Integrated Wellbore Analysis – Well 4-BRSA-1047-RJS

Petrophysical and PVT analyses, integrated with logging and formation test analyses, are key to providing essential input for reservoir characterization, dynamic flow simulation and reservoir management.

The BPS Geodatabase includes a comprehensive collection of reservoir data that are applied to:

  • Rock properties such as permeability, porosity, capillary pressure, relative permeabilities, net and gross pay and water saturation, among others, obtained from laboratory analysis of core plugs and sidewall-rock samples and petrophysics logging.
  • Fluid properties such as oil and gas densities, bubble point pressure, formation volume factors, oil solubility and fluid composition obtained from PVT analysis.
  • Properties such as static reservoir pressure, well productivity, reservoir fluid gradient and hydrocarbon-water contacts obtained from wireline formation test and drill stem test.
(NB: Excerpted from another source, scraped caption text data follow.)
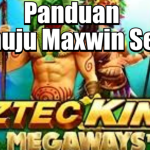 panduan-menuju-maxwin-sejati
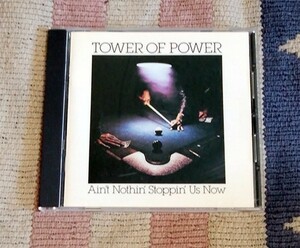 CD　Ain't Nothin Stoppin Us Now　タワー・オブ・パワー　Tower of Power 　ディスク良好　送料込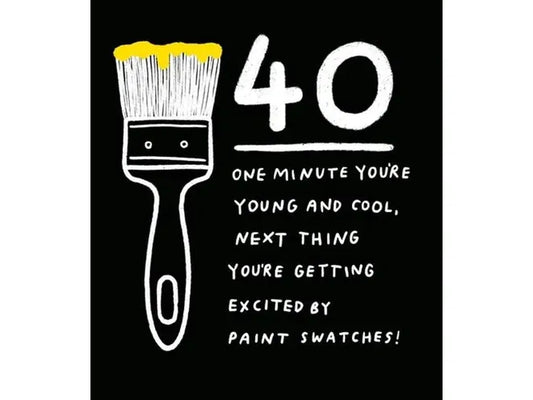 40 Young and Cool Greeting Card image 0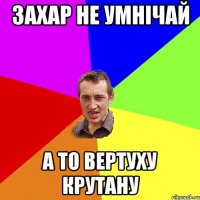 захар не умнічай а то вертуху крутану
Using these datasets for key wells in the Santos and Campos basins, integrated wellbore analysis highlights important features of the reservoirs such as the presence of naturally fractured systemshydraulic continuity in all intervals of the producing formations, evidence of oil wettability in the carbonate reservoirs and the occurrence of compositional grading when the hydrocarbon fluids have very high CO2 content.
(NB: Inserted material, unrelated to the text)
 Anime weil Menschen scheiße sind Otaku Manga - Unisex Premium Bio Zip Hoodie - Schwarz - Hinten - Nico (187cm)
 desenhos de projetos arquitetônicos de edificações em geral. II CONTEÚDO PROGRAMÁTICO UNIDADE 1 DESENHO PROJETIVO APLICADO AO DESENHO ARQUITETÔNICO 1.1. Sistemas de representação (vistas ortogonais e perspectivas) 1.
To illustrate these features in the reservoirs of the Santos Basin, the application of integrated wellbore analysis for well 4-BRSA-1047-RJS is presented below.

Well Location

The well was drilled in the Transfer of Rights area of the Brazilian pre-salt, which is operated by Petrobras in accordance with the new regulatory regime created in 2010 to grant licences to the Brazilian oil major to produce up to 5 billion boe in the Buzios field and surrounding areas. After appraisal, the well became part of the South Lula Field, located in the central portion of the Santos Basin at a water depth of 2,182 m (7,157 ft.) and around 230 km (143 mi.) from the coast of Rio de Janeiro,  as shown in Figure 1.

Drilling ended in April 2013, reaching a final depth of 5,328.5 m (17477.5 ft). High quality carbonate reservoirs (Aptian age) were found in the Barra Velha Formation, in a very thick interval of almost 270 m (886 ft.).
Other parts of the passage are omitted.